_Goal of the exercise_
The needed output is the run of lines below from the one containing "Plugi obrotowe trzy" through the one containing "Grinch Santa Hat", copied exactly and free of pictures.

_Records shown_
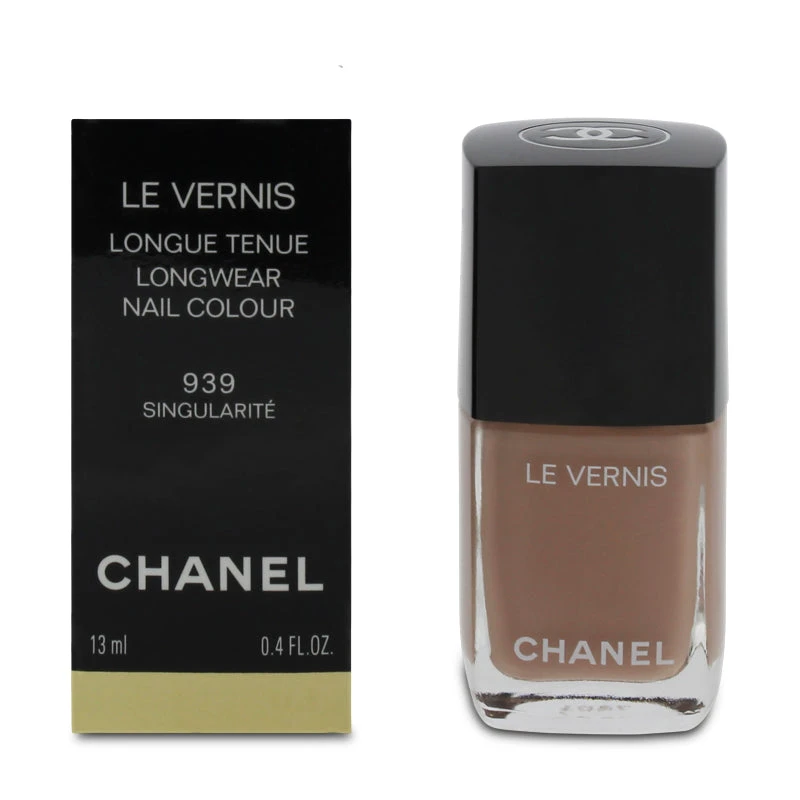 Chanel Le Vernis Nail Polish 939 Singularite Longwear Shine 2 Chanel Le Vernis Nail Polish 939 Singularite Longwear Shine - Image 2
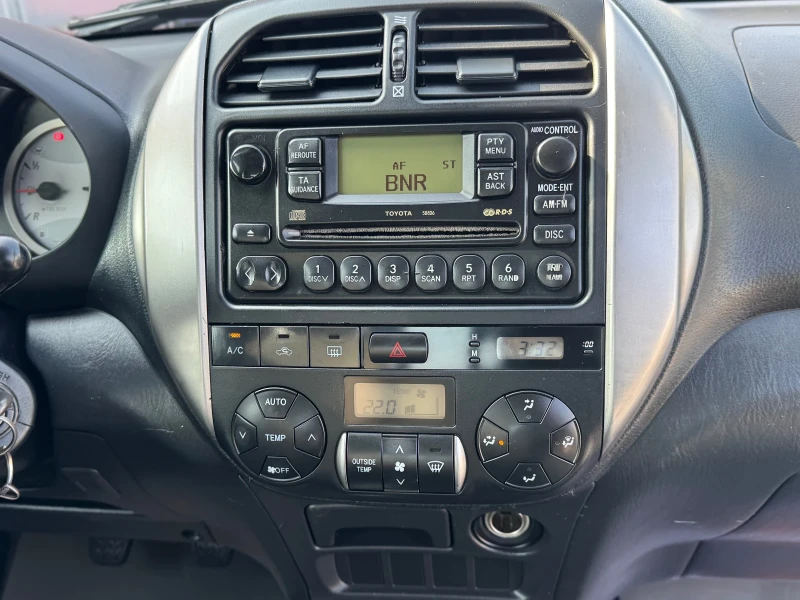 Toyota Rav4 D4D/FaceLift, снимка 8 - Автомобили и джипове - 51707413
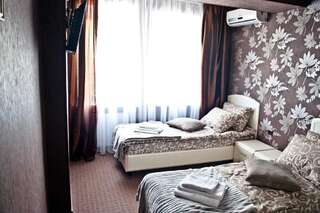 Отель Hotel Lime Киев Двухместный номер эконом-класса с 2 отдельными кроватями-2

--

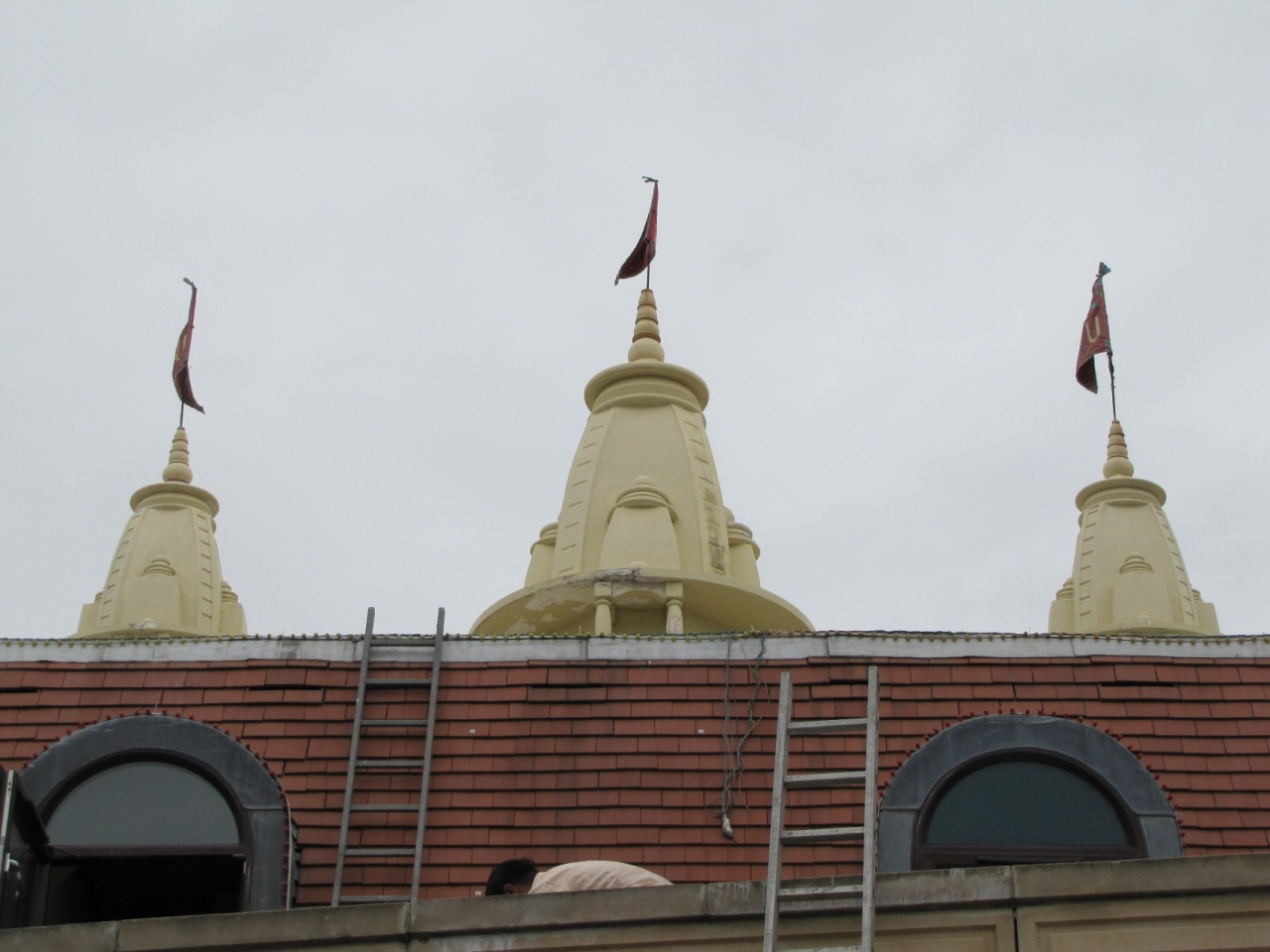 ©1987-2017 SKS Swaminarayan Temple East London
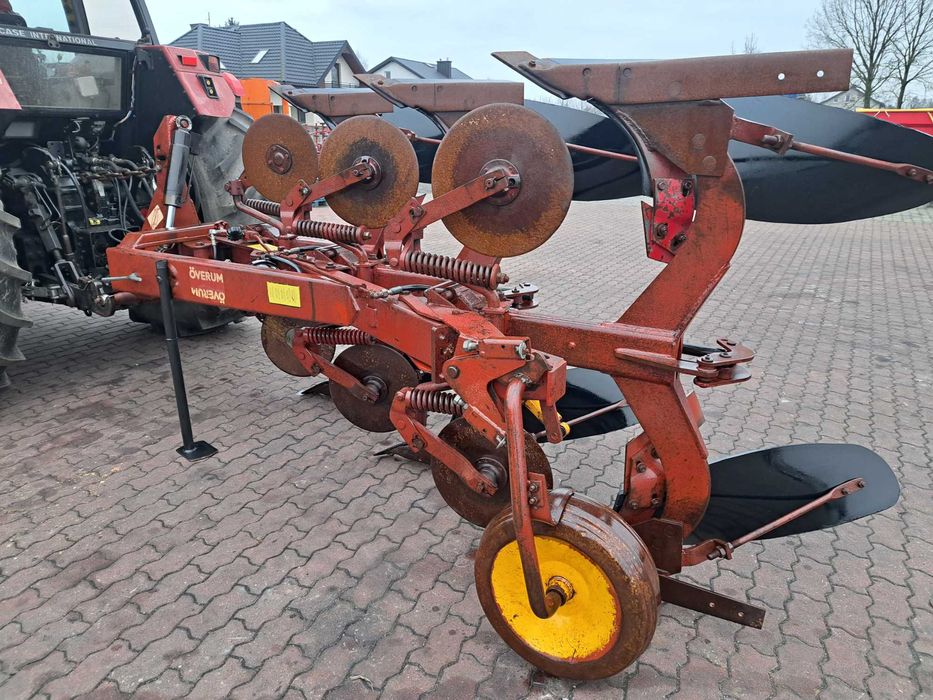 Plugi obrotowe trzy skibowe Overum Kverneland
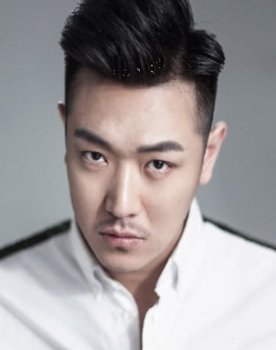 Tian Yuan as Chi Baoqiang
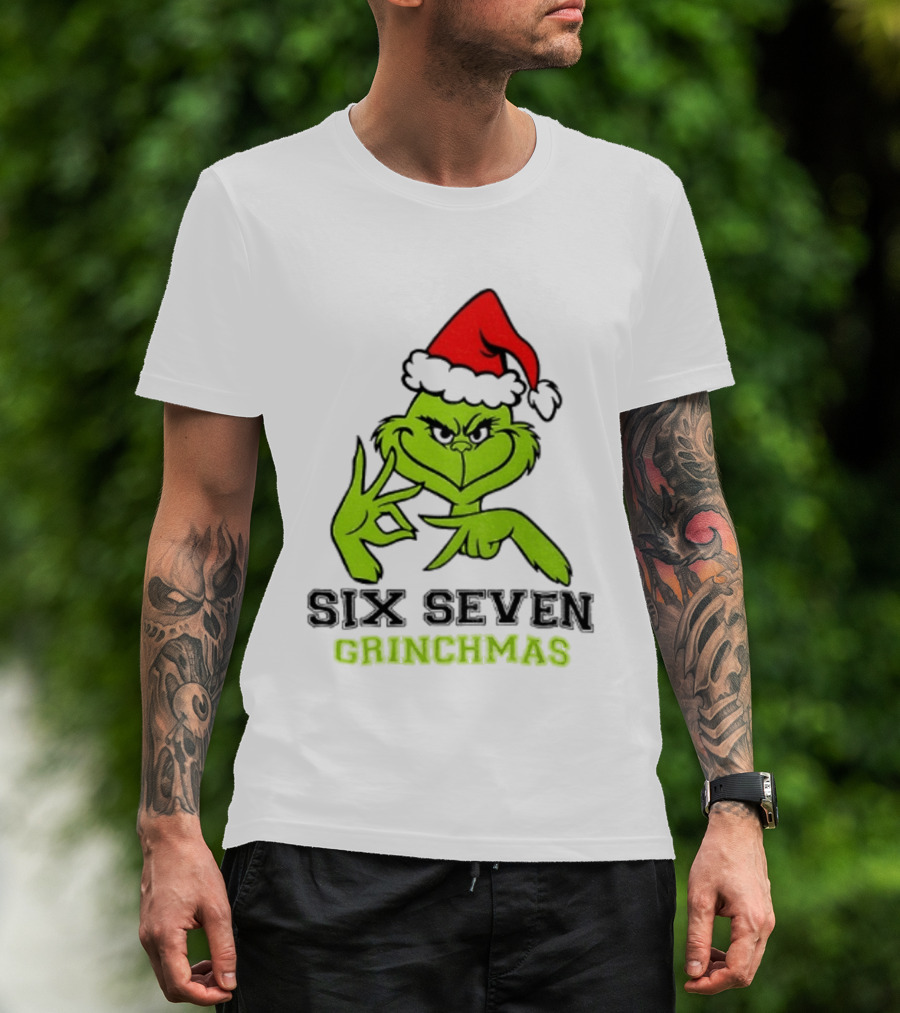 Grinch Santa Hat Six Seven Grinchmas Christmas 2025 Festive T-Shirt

_Exercise solution_
 Plugi obrotowe trzy skibowe Overum Kverneland
 Tian Yuan as Chi Baoqiang
 Grinch Santa Hat Six Seven Grinchmas Christmas 2025 Festive T-Shirt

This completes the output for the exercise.